(SP21) Hadoop storage architecture
SAP <-> Hadoop communication
Connection to Hadoop is provided by Datavard component - Storage Management.
Storage management (SM) is part of Reuse Library, and contains implementation for binary and table storages. For both storage types, SM provides facade which is Storage Manager.
In this case (Hadoop connection), Table Storage is used.
For Datavard specific scenarios, we need to handle communication with:
- HDFS
- Hive/Impala
HDFS
HDFS (Hadoop Distributed File System) is data storage system used by Hadoop applications, and also Datavard uses it for data transfer.
It is possible to send files directly to HDFS, but also to use it as temporary storage when transferring data from SAP to Hadoop engines (see description of DML sequence diagram bellow).
Communication with HDFS
Communication with HDFS is provided via WebHDFS REST API which is handled by SM directly.
Hive/Impala
Apache Hive is data warehouse software in Hadoop ecosystem, that facilitates reading, writing, and managing large datasets in distributed storage using SQL-like query language.
Apache Impala is massively parallel processing (MPP) SQL query engine for data stored in Hadoop cluster. Impala brings scalable parallel database technology, enabling users to issue low-latency SQL queries to data stored in HDFS.
Both engines support SQL-like query language to execute DDL and DML operations (these are described bellow in more detail).
For purpose of data transfer to Hive/Impala engines, also HDFS is used. Firstly, the data is moved in form of .csv file to HDFS, and afterwards the engine loads the transferred data.

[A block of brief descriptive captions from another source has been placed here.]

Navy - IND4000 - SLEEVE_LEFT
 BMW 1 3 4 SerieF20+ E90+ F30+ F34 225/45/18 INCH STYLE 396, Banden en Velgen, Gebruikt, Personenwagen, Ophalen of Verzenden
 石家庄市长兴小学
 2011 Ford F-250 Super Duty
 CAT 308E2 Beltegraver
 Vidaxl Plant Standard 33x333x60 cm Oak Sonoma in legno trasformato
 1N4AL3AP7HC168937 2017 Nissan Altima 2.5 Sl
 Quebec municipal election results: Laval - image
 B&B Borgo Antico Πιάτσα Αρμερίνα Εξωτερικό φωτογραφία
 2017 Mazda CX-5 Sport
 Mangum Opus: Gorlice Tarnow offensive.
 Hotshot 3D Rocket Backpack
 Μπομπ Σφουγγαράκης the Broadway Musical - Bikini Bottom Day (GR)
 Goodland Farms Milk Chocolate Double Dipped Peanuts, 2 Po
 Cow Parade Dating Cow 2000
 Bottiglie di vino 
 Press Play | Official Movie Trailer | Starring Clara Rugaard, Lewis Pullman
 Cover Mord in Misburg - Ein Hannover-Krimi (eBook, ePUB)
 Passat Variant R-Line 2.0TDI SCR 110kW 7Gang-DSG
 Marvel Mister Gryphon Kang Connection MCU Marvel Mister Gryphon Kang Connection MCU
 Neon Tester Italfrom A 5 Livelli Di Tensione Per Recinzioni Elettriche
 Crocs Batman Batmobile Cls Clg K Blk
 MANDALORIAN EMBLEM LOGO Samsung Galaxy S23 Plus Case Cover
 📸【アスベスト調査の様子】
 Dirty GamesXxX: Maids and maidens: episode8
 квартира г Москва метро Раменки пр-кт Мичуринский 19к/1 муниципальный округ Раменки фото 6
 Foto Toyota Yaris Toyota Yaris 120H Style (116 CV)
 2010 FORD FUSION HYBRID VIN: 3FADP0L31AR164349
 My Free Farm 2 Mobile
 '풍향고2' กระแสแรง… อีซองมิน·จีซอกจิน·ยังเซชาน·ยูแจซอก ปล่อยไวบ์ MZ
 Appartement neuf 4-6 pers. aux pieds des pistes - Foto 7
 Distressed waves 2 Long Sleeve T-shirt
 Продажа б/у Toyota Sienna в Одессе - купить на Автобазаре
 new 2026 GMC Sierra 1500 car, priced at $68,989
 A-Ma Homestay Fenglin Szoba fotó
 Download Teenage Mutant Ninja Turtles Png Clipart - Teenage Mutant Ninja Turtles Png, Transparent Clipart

Communication with Hive/Impala
When communicating with Hive/Impala engines, Java connector (implemented by Datavard) is used. This connector wraps SQL like queries using JDBC jars and forwards them to the engines themselves.
DDL and DML operations
DDL (Data Definition Language) is a syntax similar to a computer programming language for defining data structures, especially database schemas. Following are DDL statements: CREATE, DROP, ALTER, TRUNCATE.
DML (Data Manipulation Language) is a computer programming language used for adding, deleting, and modifying data in a database. Following are DML statements: SELECT, INSERT, UPDATE, DELETE.
For explaining DDL and DML operations from Datavard product to Storage Management using Hadoop are created two sequence diagrams.
Objects in diagrams with blue color are Datavard components.
DDL
Sended DDL request from Datavard product to Storage Management is processed by Storage Manager. Firstly, Storage Manager sends execution command to HDFS to create a directory. This step is followed by connecting to JDBC and after succesfull connection, DDL execution command is sent. JDBC sends request to Hadoop storage, and after execution recieves a response. Connection to JDBC is closed and response is sent through Storage Manager to Datavard product.
DML
For DML request (e.g. data load), Datavard product firstly reads data from source which can be SAP, external storage, local/remote file,... . Afterwards the DML request is sent to Storage Manager with acquiered data. Storage Manager sends execution command to HDFS for creating directory and request to create file with data (in .csv format). Storage Manager sends request via JDBC to Hadoop storage engine (Hive, Impala) to load data cotained in file stored in HDFS. After execution, Hadoop storage sends a response, which is afterwards sent to Datavard product through Storage Manager.